## [INSTRUCTIONS FOR THE TASK]
The whole listing, pictures aside, should be reproduced exactly.

## [RECORDED INFORMATION]
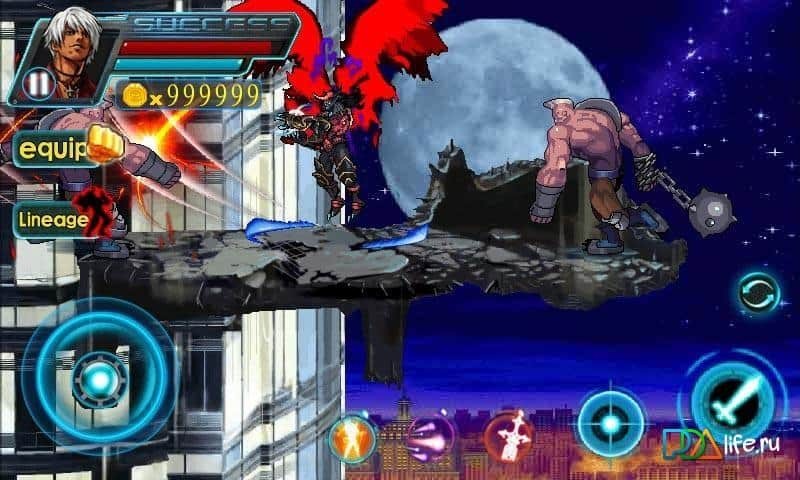 War Hero:crazy shooter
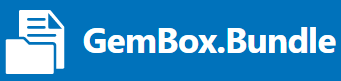 Download GemBox.Bundle v2026.5.101 (05 May 2026) + CRACK
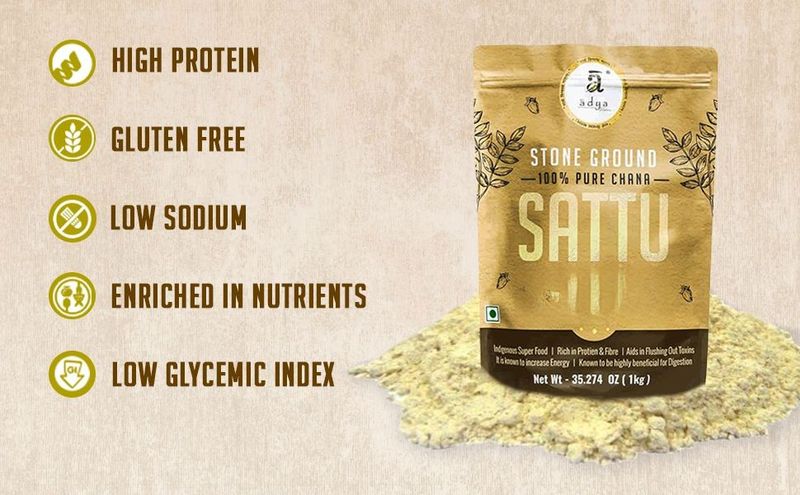 Magicpin x Wow! Momo Loot Buy 1 Dish at Rs 99 | Buy 2 Dish at 150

## [EXPECTED ANSWER]
 War Hero:crazy shooter
 Download GemBox.Bundle v2026.5.101 (05 May 2026) + CRACK
 Magicpin x Wow! Momo Loot Buy 1 Dish at Rs 99 | Buy 2 Dish at 150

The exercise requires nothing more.